SUPPLIED INFORMATION

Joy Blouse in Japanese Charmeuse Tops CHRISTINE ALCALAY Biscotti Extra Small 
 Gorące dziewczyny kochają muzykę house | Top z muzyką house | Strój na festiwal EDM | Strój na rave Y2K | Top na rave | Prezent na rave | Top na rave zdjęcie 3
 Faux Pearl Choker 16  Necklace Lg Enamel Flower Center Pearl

TO DO
Transcribe the listing. Every line must match exactly.

ANSWER SECTION
Joy Blouse in Japanese Charmeuse Tops CHRISTINE ALCALAY Biscotti Extra Small 
 Gorące dziewczyny kochają muzykę house | Top z muzyką house | Strój na festiwal EDM | Strój na rave Y2K | Top na rave | Prezent na rave | Top na rave zdjęcie 3
 Faux Pearl Choker 16  Necklace Lg Enamel Flower Center Pearl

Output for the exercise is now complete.